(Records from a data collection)
»»
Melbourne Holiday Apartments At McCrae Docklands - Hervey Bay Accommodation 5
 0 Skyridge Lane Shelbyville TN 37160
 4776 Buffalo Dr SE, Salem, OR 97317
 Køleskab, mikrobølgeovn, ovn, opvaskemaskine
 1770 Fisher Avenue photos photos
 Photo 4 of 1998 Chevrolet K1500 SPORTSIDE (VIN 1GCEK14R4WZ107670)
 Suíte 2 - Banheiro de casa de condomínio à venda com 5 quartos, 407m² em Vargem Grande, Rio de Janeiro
««
* What is required
Could you return all of the entries exactly as they stand?

* Solution for this exercise
Melbourne Holiday Apartments At McCrae Docklands - Hervey Bay Accommodation 5
 0 Skyridge Lane Shelbyville TN 37160
 4776 Buffalo Dr SE, Salem, OR 97317
 Køleskab, mikrobølgeovn, ovn, opvaskemaskine
 1770 Fisher Avenue photos photos
 Photo 4 of 1998 Chevrolet K1500 SPORTSIDE (VIN 1GCEK14R4WZ107670)
 Suíte 2 - Banheiro de casa de condomínio à venda com 5 quartos, 407m² em Vargem Grande, Rio de Janeiro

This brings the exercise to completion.